Email Verifier Result Categories

Emails in this category are of the best quality. It has been verified that messages sent to these addresses will be accepted by the responsible mail server and it has also been verified that the mail server will refuse invalid addresses.

Disposable emails are valid emails, but from the mailing list owner perspective, they are mostly useless. These emails are hosted by servers such as Mailinator, 10 Minute Mail, TrashMail, etc. Users of disposable email services use their emails addresses for very short period of time, commonly only for the purpose of a single registration. It is very common that messages delivered to such addresses are never read by humans and are deleted within couple of minutes.

Emails in this category are accepted by the responsible mail server as valid emails, but the mail server accepts emails to any email address on the given domain. It is thus impossible to distinguish between valid and invalid emails on that domain. If email addresses in this category were obtained using a reliable list building method, such as the Double Opt-in Process, they may be treated as valid emails. Otherwise, it is better to avoid using them.

Emails in this category have a good syntax, but they are reported as invalid or unusable by the responsible mail server and messages to them won't be accepted. There are many reasons why a previously valid email address can end up in this category. For example, the email account could be cancelled, but it could also happen that the email account still exists but nobody is retrieving emails from that address and it is now full and new messages can't be delivered to this address and will bounce.

Items in this category have not passed the syntax check and thus can't be treated as email addresses. For example, an email address can not contain space characters, and thus "john doe@email.com" is not a well-formatted email address.

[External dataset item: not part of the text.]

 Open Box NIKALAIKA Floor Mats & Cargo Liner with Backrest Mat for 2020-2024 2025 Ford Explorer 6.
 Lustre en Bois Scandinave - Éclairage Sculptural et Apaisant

It was not possible to verify emails in this category. There are several reasons how this can happen. The most common situation is that the responsible mail server is configured in a way to refuse cooperation with email validating services. The mail server cooperation is required for the verification process to complete successfully. Another reason can be that the resposible mail server is not currently reachable, e.g. it is down due to maintanence or due to network error. Treat these emails as emails hosted on Catch all domains – if they were obtained using a reliable method, it might be OK to use them, but avoid them otherwise.